_THE RECORDS_:
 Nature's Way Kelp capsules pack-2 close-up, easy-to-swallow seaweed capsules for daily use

---

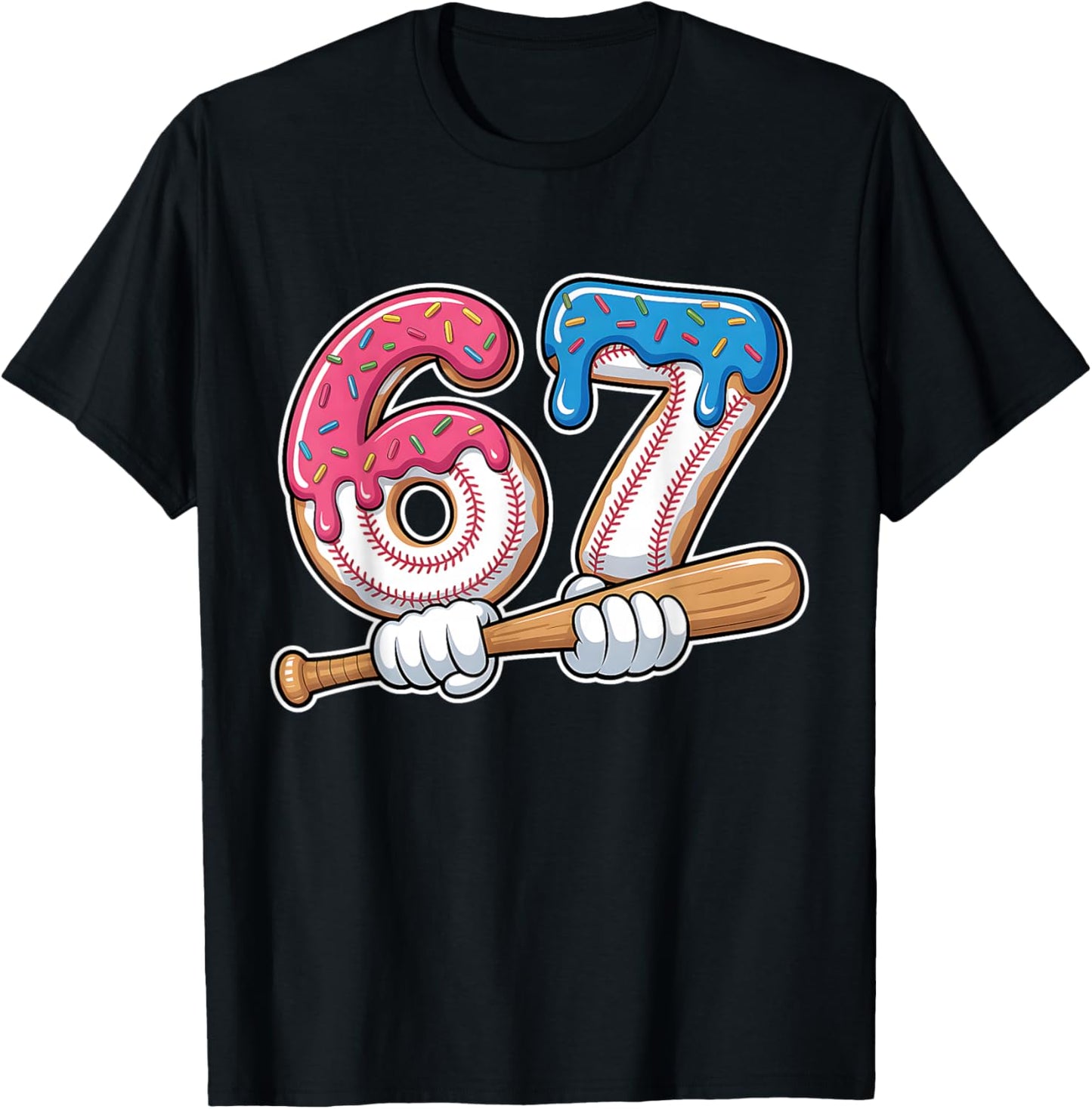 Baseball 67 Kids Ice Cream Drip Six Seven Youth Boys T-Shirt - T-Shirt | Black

...

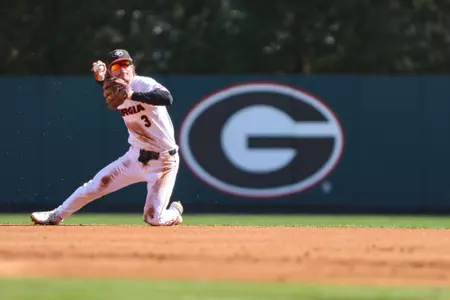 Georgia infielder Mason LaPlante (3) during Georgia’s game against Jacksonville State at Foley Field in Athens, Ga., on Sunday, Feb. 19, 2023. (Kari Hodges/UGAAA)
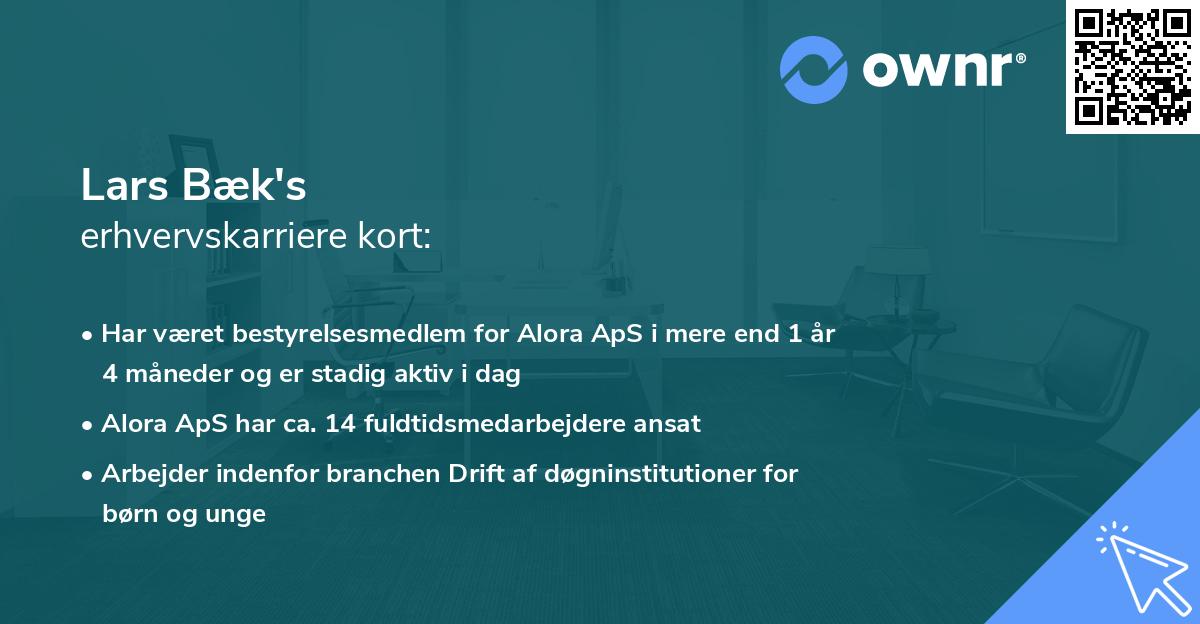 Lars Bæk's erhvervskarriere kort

_PROBLEM TO WORK ON_: Output should consist of the lines above from the one with "Georgia infielder Mason" down to the one with "Lars Bæk's erhvervskarriere kort", exact and without pictures.

_COMPLETED TASK_:
 Georgia infielder Mason LaPlante (3) during Georgia’s game against Jacksonville State at Foley Field in Athens, Ga., on Sunday, Feb. 19, 2023. (Kari Hodges/UGAAA)
 Lars Bæk's erhvervskarriere kort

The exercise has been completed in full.